Concrete example. If \(\rho_{t,t+1} = \text{ES}_\alpha(\cdot \mid \mathcal{F}_t)\) for each \(t\), then:

\[ \rho_{T-1}(X) = \text{ES}_\alpha(X \mid \mathcal{F}_{T-1}) \]
\[ \rho_{T-2}(X) = \text{ES}_\alpha(-\rho_{T-1}(X) \mid \mathcal{F}_{T-2}) = \text{ES}_\alpha(-\text{ES}_\alpha(X \mid \mathcal{F}_{T-1}) \mid \mathcal{F}_{T-2}) \]

and so on. This iterated ES construction is time-consistent. In contrast, defining \(\rho_t(X) = \text{ES}_\alpha(X \mid \mathcal{F}_t)\) directly (without recursion) is in general not time-consistent, because \(\text{ES}_\alpha(X \mid \mathcal{F}_s) \ne \text{ES}_\alpha(\text{ES}_\alpha(X \mid \mathcal{F}_t) \mid \mathcal{F}_s)\) -- the ES operator does not satisfy a tower property.


Exercise 6. In a two-period model (\(t = 0, 1, 2\)), a position has conditional distributions \(X_2 \mid \mathcal{F}_1 \sim N(\mu_1, 1)\) where \(\mu_1\) is \(\mathcal{F}_1\)-measurable. Compute \(\rho_1(X_2) = \text{ES}_{0.95}(X_2 \mid \mathcal{F}_1)\) as a function of \(\mu_1\). Then compute \(\rho_0(X_2) = \text{ES}_{0.95}(\rho_1(X_2))\) and verify that the composition produces a time-consistent assessment.

Solution to Exercise 6

Step 1: Compute \(\rho_1(X_2) = \text{ES}_{0.95}(X_2 \mid \mathcal{F}_1)\).
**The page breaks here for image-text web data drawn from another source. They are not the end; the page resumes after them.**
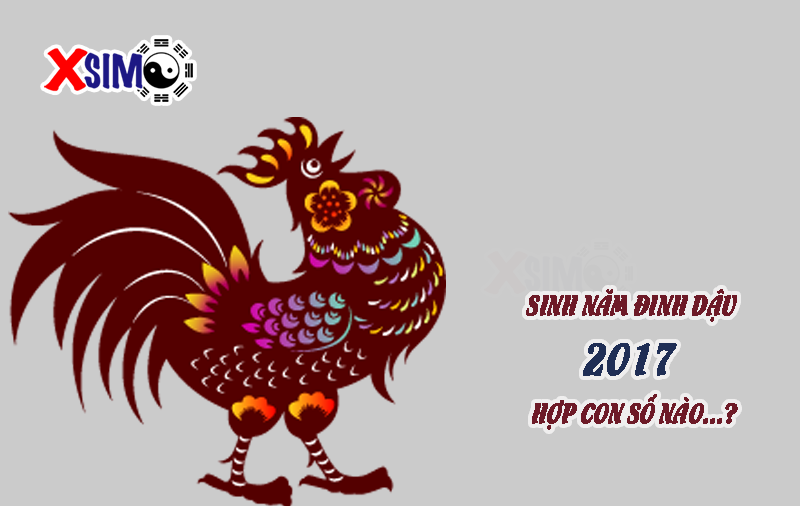 Người sinh năm Đinh Dậu hợp với con số nào?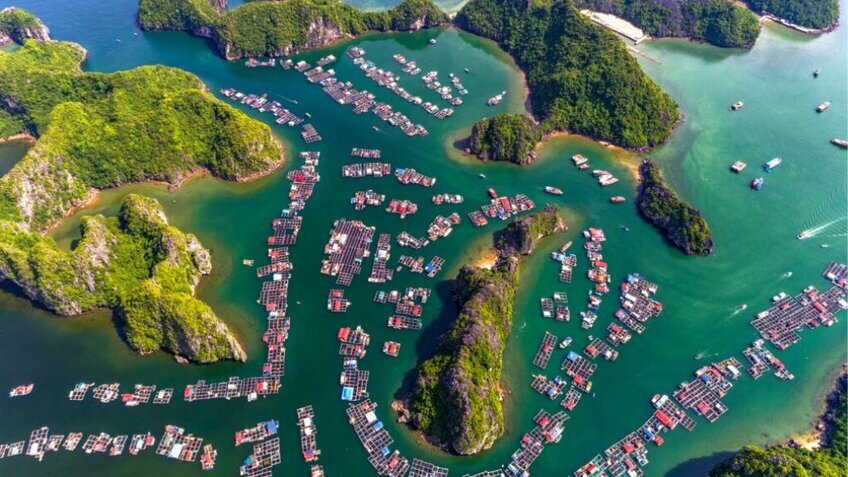 Tour Cát Bà 3N2Đ: Khám Phá Thiên Đường Bí Mật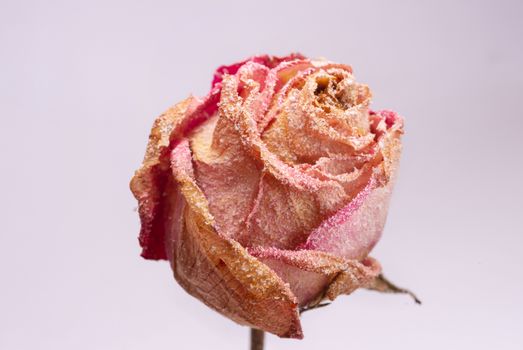 Dried small pink rose with artificial snow on white-gray background. Closeup view. Natur morte. 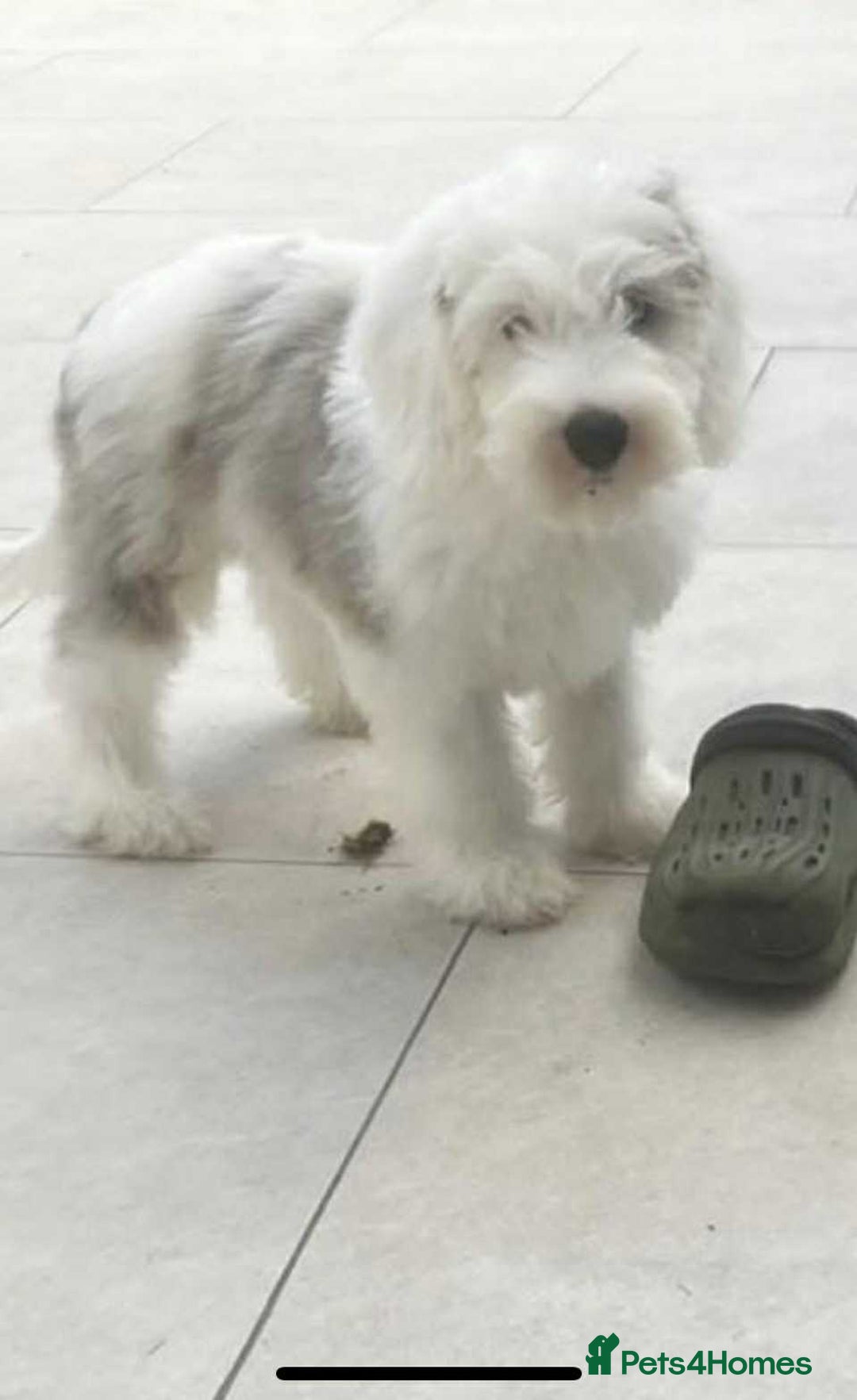 Sheepadoodle dogs for sale: unique midi sheepadoodle babies - Image 15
Given \(X_2 \mid \mathcal{F}_1 \sim N(\mu_1, 1)\), the conditional ES at level \(\alpha = 0.95\) for a normal distribution is:

\[ \text{ES}_\alpha(X \mid \mathcal{F}_1) = \mu_1 + \sigma \cdot \frac{\phi(\Phi^{-1}(\alpha))}{1 - \alpha} \]

where \(\phi\) is the standard normal density, \(\Phi^{-1}\) is the standard normal quantile, and \(\sigma = 1\). Computing the constant:

\[ \Phi^{-1}(0.95) = 1.6449, \quad \phi(1.6449) = \frac{1}{\sqrt{2\pi}}e^{-1.6449^2/2} = 0.10314 \]
\[ \frac{\phi(1.6449)}{1 - 0.95} = \frac{0.10314}{0.05} = 2.0627 \]

Therefore:

\[ \rho_1(X_2) = \mu_1 + 2.0627 \]

This is \(\mathcal{F}_1\)-measurable since \(\mu_1\) is \(\mathcal{F}_1\)-measurable.

Step 2: Compute \(\rho_0(X_2) = \text{ES}_{0.95}(\rho_1(X_2))\). We need the unconditional distribution of \(\rho_1(X_2) = \mu_1 + 2.0627\). This depends on the distribution of \(\mu_1\).

Suppose \(\mu_1\) has a known distribution. For concreteness, assume \(\mu_1 \sim N(m_0, \sigma_0^2)\) for some \(m_0\) and \(\sigma_0^2\) (this is a reasonable specification in a Gaussian model). Then \(\rho_1(X_2) \sim N(m_0 + 2.0627, \sigma_0^2)\).

Applying the ES formula again:

\[ \rho_0(X_2) = \text{ES}_{0.95}(\rho_1(X_2)) = (m_0 + 2.0627) + \sigma_0 \cdot 2.0627 \]
\[ = m_0 + 2.0627(1 + \sigma_0) \]

Step 3: Verify time-consistency. Time-consistency requires \(\rho_0(X_2) = \rho_0(-\rho_1(X_2))\). By the recursive construction, \(\rho_0\) is defined precisely as \(\text{ES}_{0.95}\) applied to \(\rho_1(X_2)\), which is:

\[ \rho_0(X_2) = \text{ES}_{0.95}(\rho_1(X_2) \mid \mathcal{F}_0) = \text{ES}_{0.95}(\rho_1(X_2)) \]

since \(\mathcal{F}_0\) is trivial (no information at time \(0\)). This is exactly the composition \(\rho_0(-\rho_1(X_2))\) (where we identify \(\rho_1(X_2)\) as the one-step "loss" seen from time \(0\)).

The time-consistency check is: does \(\rho_0\) computed via the two-step recursion agree with \(\rho_0\) applied to \(-\rho_1\)? By construction, yes. The recursive definition ensures:

\[ \rho_0(X_2) = \text{ES}_{0.95}\!\Big(\text{ES}_{0.95}(X_2 \mid \mathcal{F}_1)\Big) = \rho_0(-\rho_1(X_2)) \]

This is time-consistent because the composition of ES at each step produces a coherent assessment: the risk at \(t=0\) correctly aggregates both the uncertainty about \(\mu_1\) (resolved at \(t=1\)) and the residual risk of \(X_2\) given \(\mu_1\). The two-step recursion avoids the pitfall of computing \(\text{ES}_{0.95}(X_2)\) directly (which would use the unconditional distribution and could give a different, time-inconsistent answer).